Saindo do gelo e indo para os corredores, o que chama a atenção são as estátuas de alguns dos maiores Wings da história. Lá estão Ted Lindsay, Alex Delvecchio e Gordie Howe (que, por sinal, hoje completa 82 anos).
Tivemos acesso a um local super-restrito, o Olympia Club. Este é basicamente um pub para os poucos que podem pagar 850 dólares por ano para não pegar filas no banheiro ou nos restaurantes. As paredes estão forradas com fotos de jogadores de Detroit de todas as épocas.
No dia do jogo
Tudo começou no treino da manhã (que já comentei anteontem), e a festa do pré-jogo foi no Hockeytown Café. Eles foram muito gentis e escreveram "Welcome to Hockeytown, Herm" ("Bem-vindo a Hockeytown") no luminoso. Na festa estavam cerca de 150 pessoas.

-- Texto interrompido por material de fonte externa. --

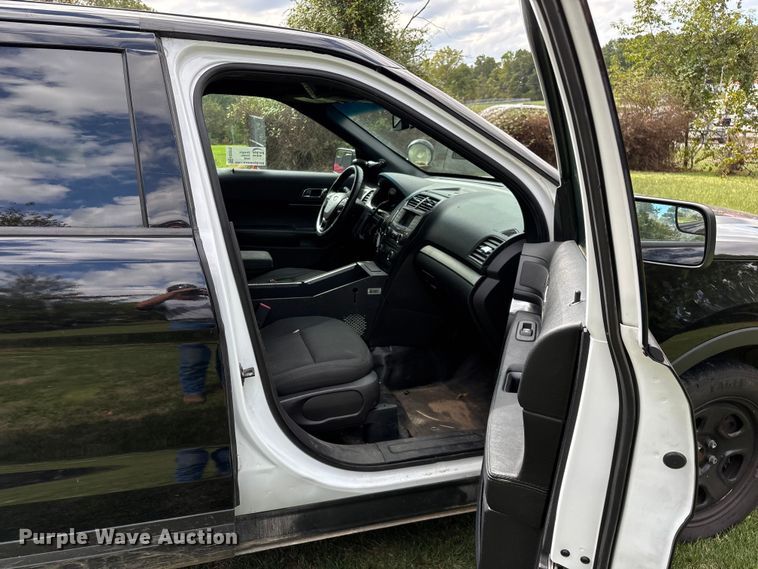 image for item ED2272 2019 Ford Explorer Police Interceptor SUV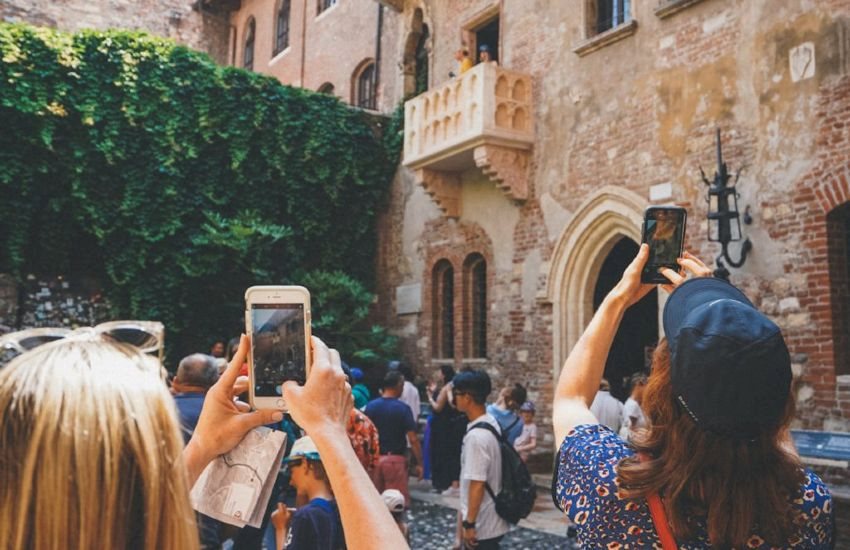 Recorrido a pie por los aspectos destacados de Verona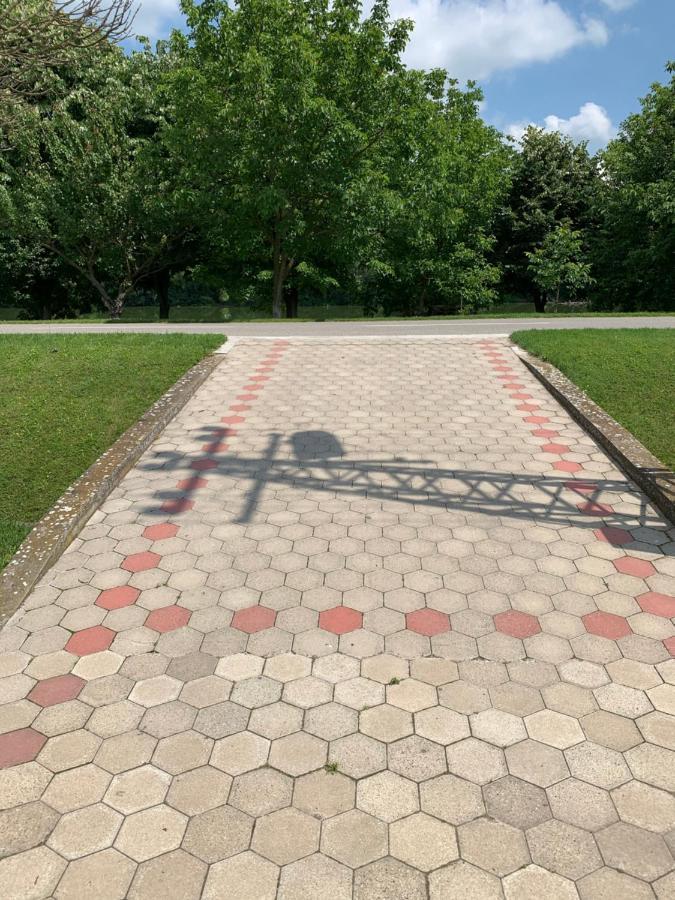 Bungalovi Blagojevic Morovic Экстерьер фото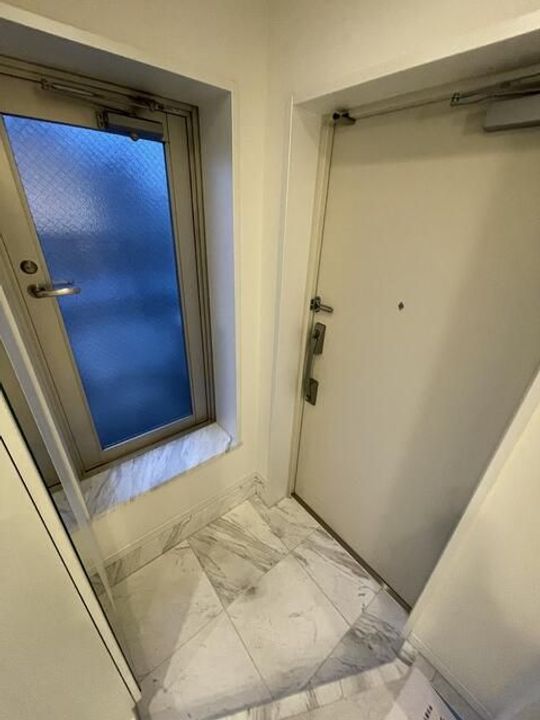 クレイシア神楽坂の玄関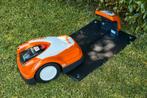 Robotmaaier Stihl RMI422 + beschermhuis, Ophalen, Zo goed als nieuw
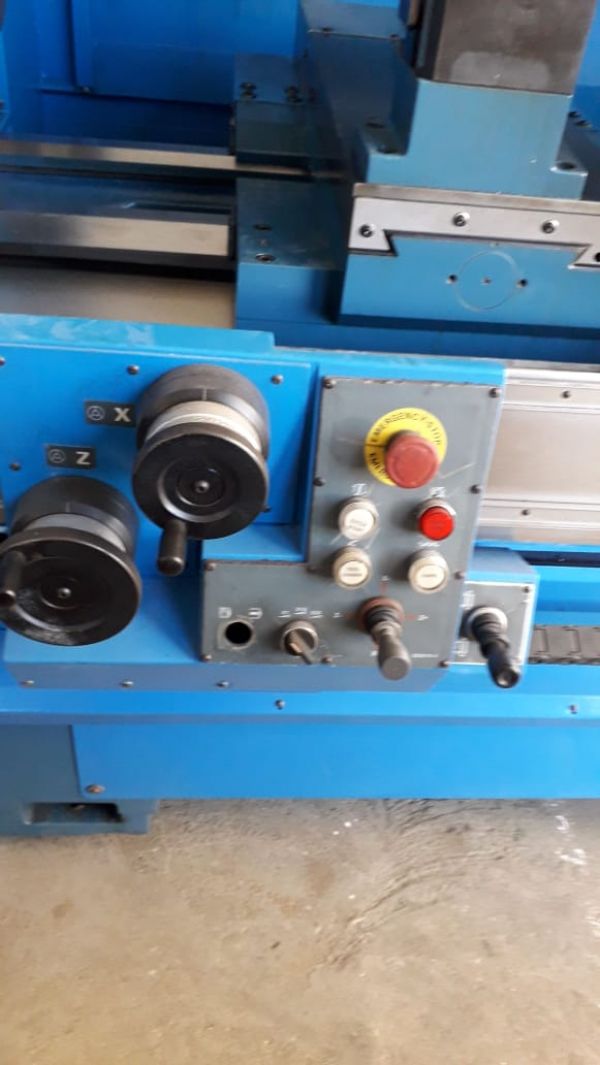 Torno CNC ROMI MULTIPLIC 35D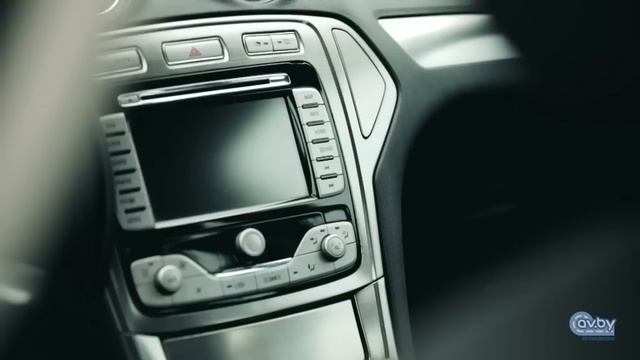 Ford Mondeo - "костюм" под белую рубашку смотреть онлайн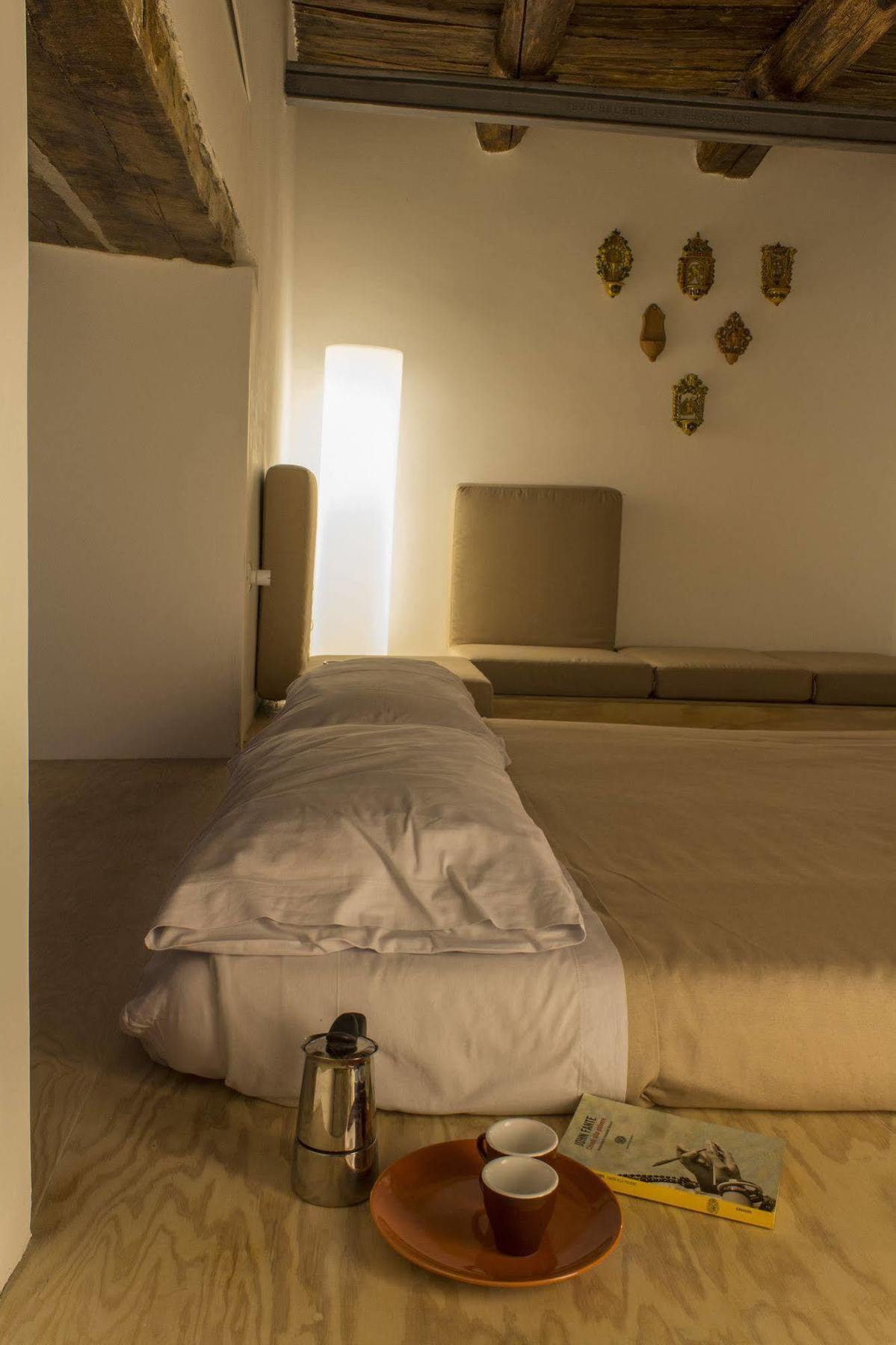 Casa Latina Panzió Nápoly Kültér fotó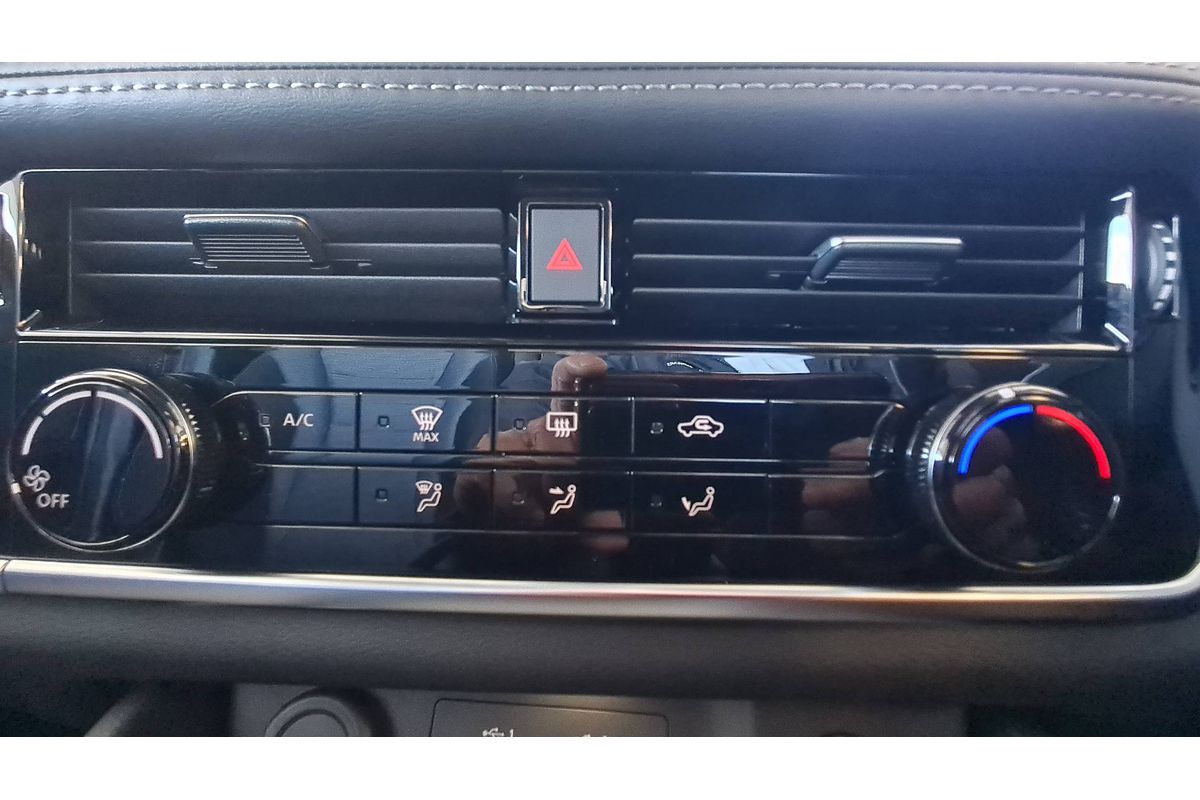 2024 Nissan X-TRAIL ST T33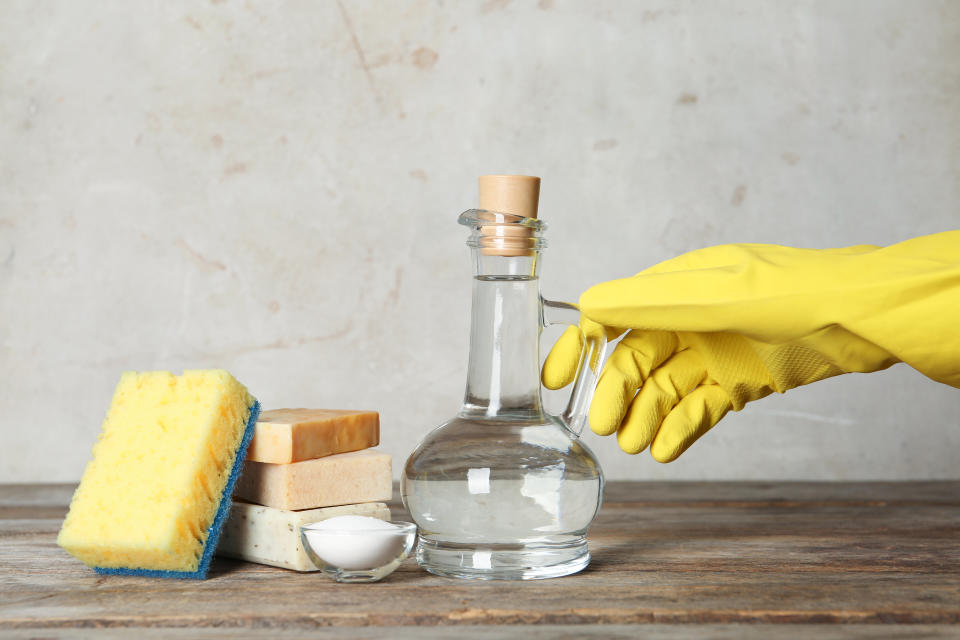 Make sure you use white vinegar -- not other types -- when cleaning appliances. (Photo: belchonock via Getty Images)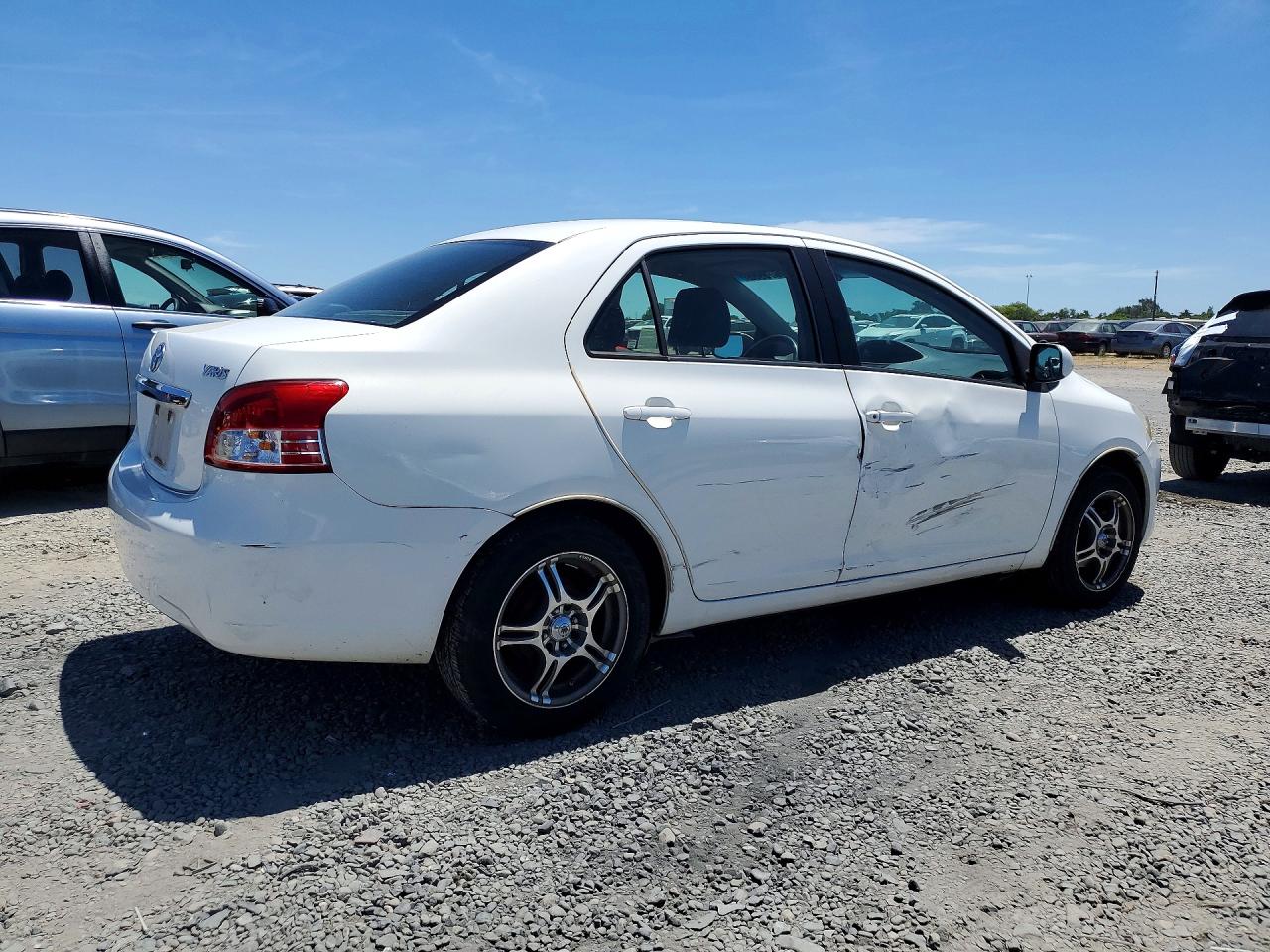 2010 Toyota Yaris Base Белый vin: JTDBT4K37A1364829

Pegando o ônibus para ir à Joe Louis, chegamos e fomos direto para o banco de penalidades, andando pelo gelo, para acompanhar bem de perto o aquecimento. "Roubamos" um puck e fomos para nossos lugares, que eram muito próximos do gelo apesar de serem no anel superior. Quando eu fui à cabine da Fox, um funcionário da NHL me entregou um disco usado no 1º período.
No vestiário com Deus Helm, #43
A idéia era me levar até a porta do vestiário, onde Christy iria levar Darren Helm. Mas Jim Bedard, técnico dos goleiros, me chamou para entrar. Passei ao lado de Mike Babcock mas não o vi, e quando cheguei no vestiário vi Nicklas Lidstrom dando uma entrevista.
Jonathan Ericsson passou ao meu lado, me pedindo licença para guardar seu taco junto com o dos outros. O defensor é imenso. Ao longe, na academia privativa, vi Pavel Datsyuk fazendo uma dança bizarra com as mãos na cintura.
Enquanto eu tirava fotos e mais fotos, Darren Helm chegou. Nas entrevistas ele sempre foi tímido, no pré-jogo disse que estava surpreso por ser o jogador preferido de um brasileiro, então achei que poderia ser uma conversa bem silenciosa.
Mas assim que ele chegou foi muito legal, perguntou o que eu achei do jogo, como foi o voo e não estranhou eu apertar sua mão uma vez a cada 12 segundos. Quando Christy lhe entregou a caneta para que assinasse minha camisa, ele mesmo ofereceu o taco utilizado no jogo. Depois disso, ele pareceu ficar um pouco envergonhado (e feliz) quando eu tive a coragem de contar que o chamo de Deus. Darren Helm é o cara.
Quando saí do vestiário ele estava brincando com os filhos de Kris Draper, e mais uma vez eu não pude acreditar que aquele cara tão legal é só dois anos mais velho do que eu.
Depois disso eu a Jen McRostie, que organizou o H2H, pudemos sentar no banco de reservas. Indo embora do ginásio ainda falei por 8 segundos com Paul MacLean, técnico assistente responsável pelo ataque e power-play.
Os Red Wings me receberam muito bem, com surpresas atrás de surpresas neste que foi um baita fim de semana. Fico feliz que eles sejam tão legais quanto parecem, principalmente Darren Helm (tive uma experiência ruim com um ídolo quando era pequeno, então conhecer Deus foi muito legal).
No final, saí de lá com uma camisa, um puck de treino, um puck de jogo e um taco autografado. Sensacional.